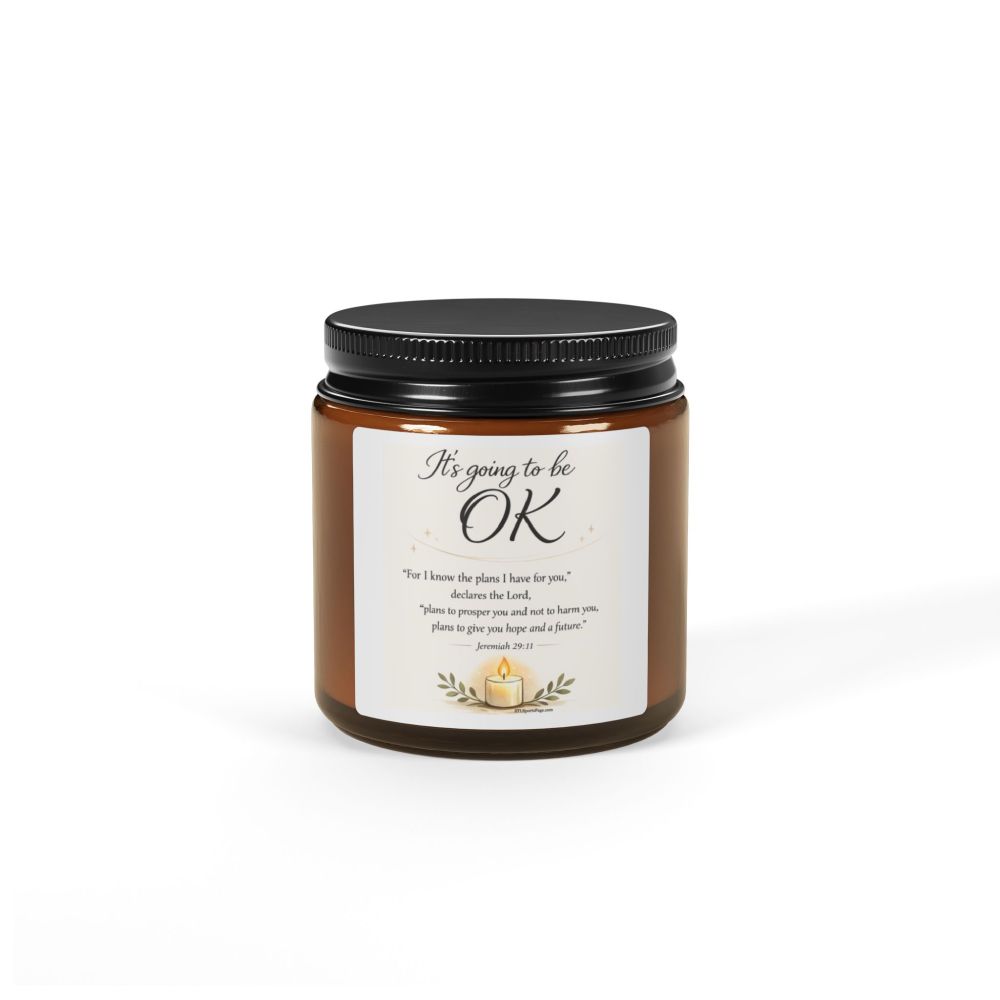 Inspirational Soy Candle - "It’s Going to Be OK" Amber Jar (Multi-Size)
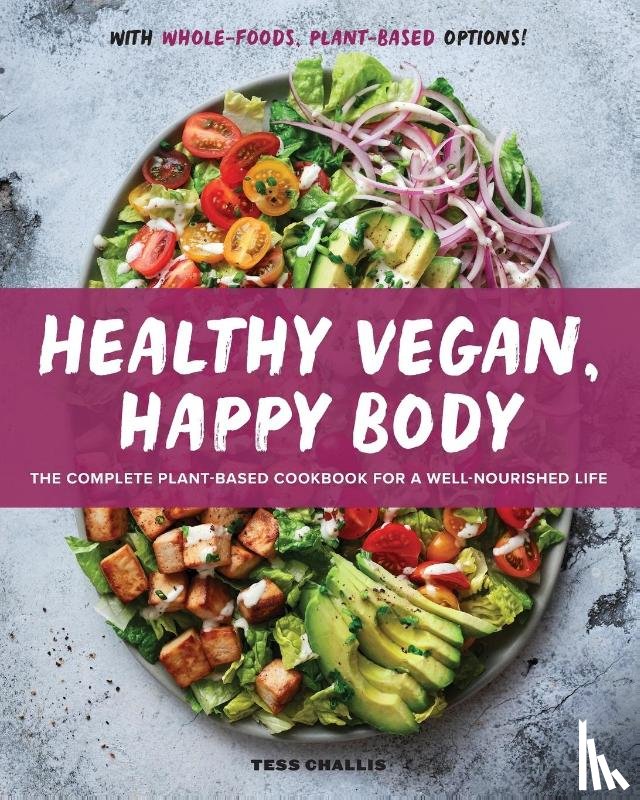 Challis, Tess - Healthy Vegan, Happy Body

--

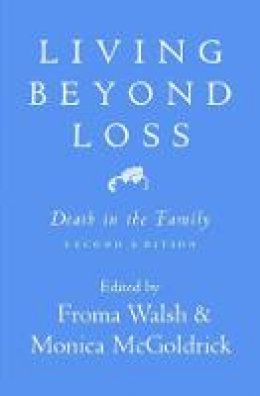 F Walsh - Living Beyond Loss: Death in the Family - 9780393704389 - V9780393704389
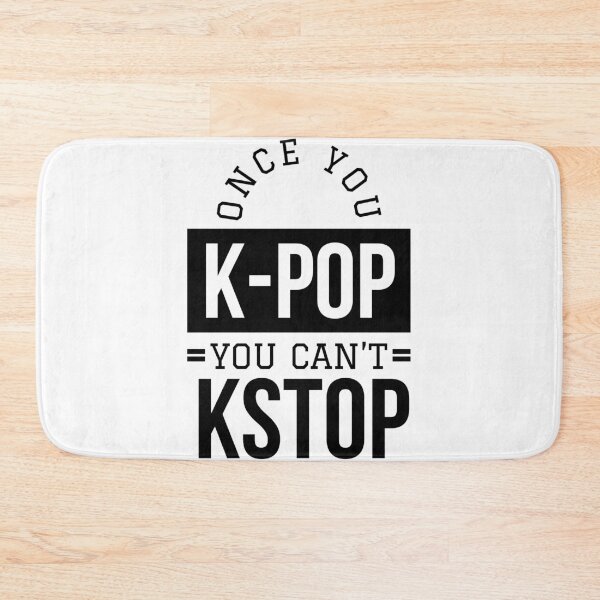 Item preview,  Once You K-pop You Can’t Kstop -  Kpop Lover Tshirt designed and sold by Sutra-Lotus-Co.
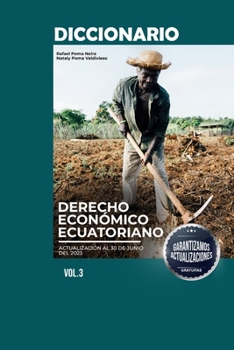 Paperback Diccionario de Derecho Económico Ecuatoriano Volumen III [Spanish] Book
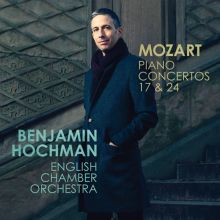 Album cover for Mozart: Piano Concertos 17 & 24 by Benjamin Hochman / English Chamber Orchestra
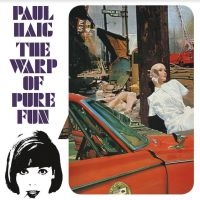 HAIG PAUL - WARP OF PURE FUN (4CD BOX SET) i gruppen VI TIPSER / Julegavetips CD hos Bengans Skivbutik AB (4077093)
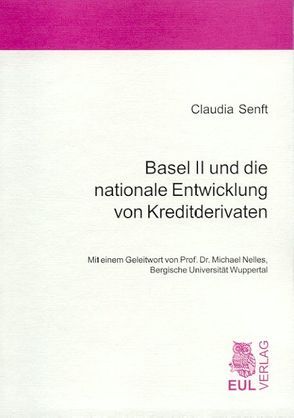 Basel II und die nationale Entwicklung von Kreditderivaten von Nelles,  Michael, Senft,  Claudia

--

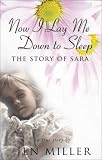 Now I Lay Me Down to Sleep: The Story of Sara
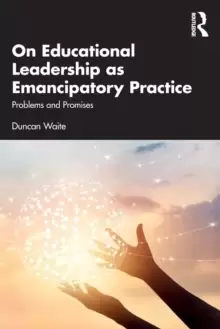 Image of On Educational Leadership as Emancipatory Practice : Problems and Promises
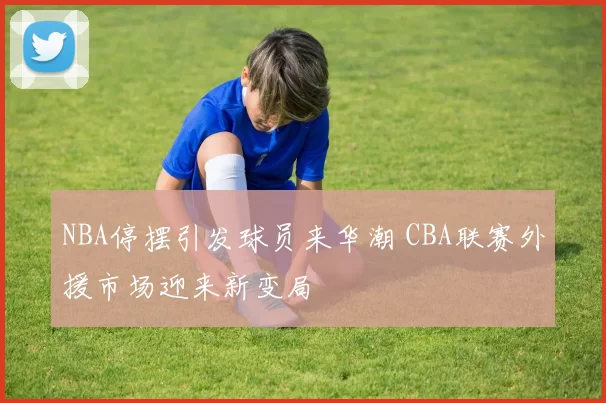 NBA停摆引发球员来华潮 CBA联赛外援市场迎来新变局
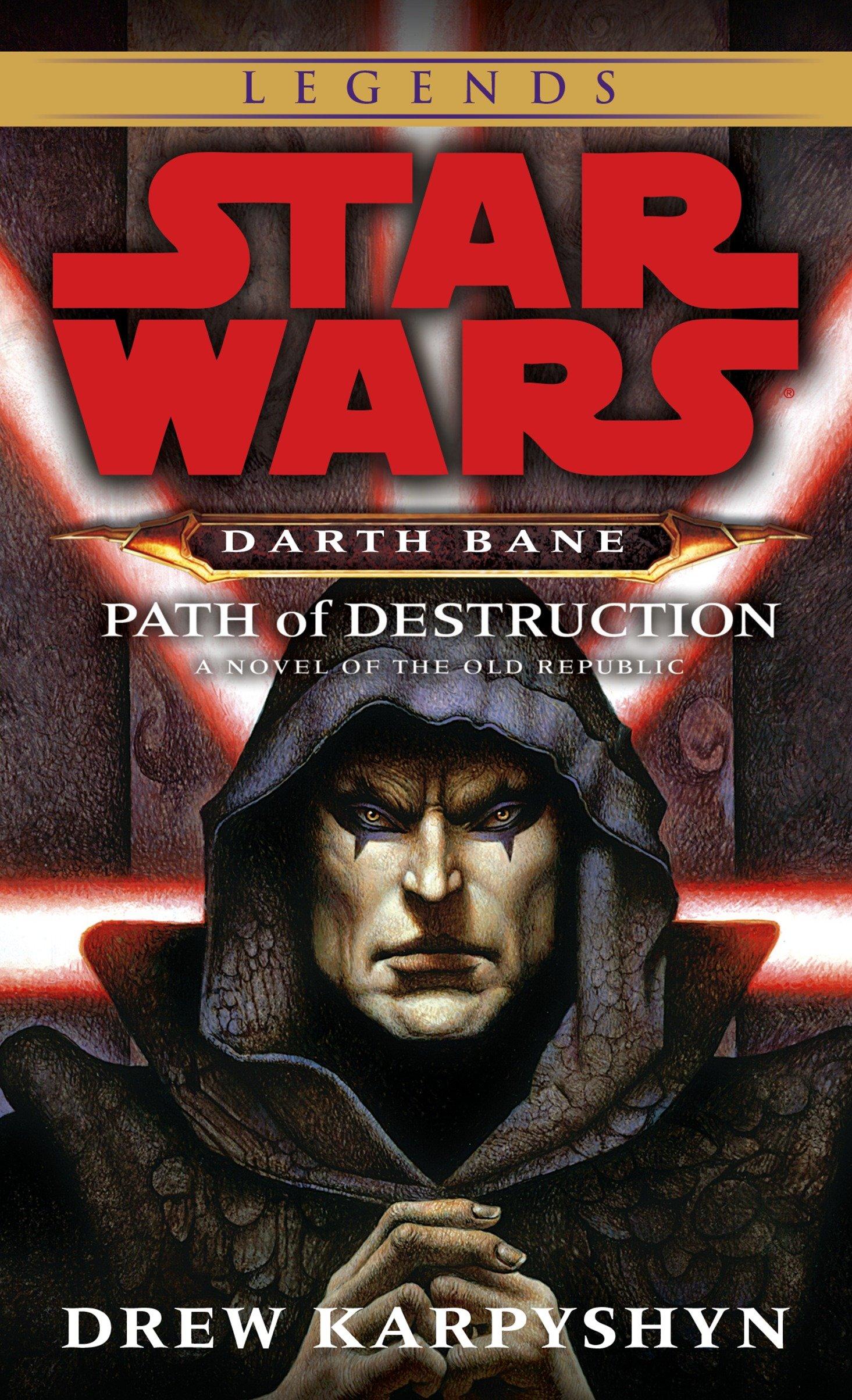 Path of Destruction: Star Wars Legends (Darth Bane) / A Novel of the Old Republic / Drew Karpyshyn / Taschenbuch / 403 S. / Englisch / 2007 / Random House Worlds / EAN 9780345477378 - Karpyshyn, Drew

--

Output exactly the stretch of the listing that begins at the line containing "Paperback Diccionario de" and ends at the line containing "Basel II und", both kept. Omit pictures and everything else.

> _RESPONSE FOR THIS EXERCISE_
 Paperback Diccionario de Derecho Económico Ecuatoriano Volumen III [Spanish] Book
 Album cover for Mozart: Piano Concertos 17 & 24 by Benjamin Hochman / English Chamber Orchestra
 HAIG PAUL - WARP OF PURE FUN (4CD BOX SET) i gruppen VI TIPSER / Julegavetips CD hos Bengans Skivbutik AB (4077093)
 Basel II und die nationale Entwicklung von Kreditderivaten von Nelles,  Michael, Senft,  Claudia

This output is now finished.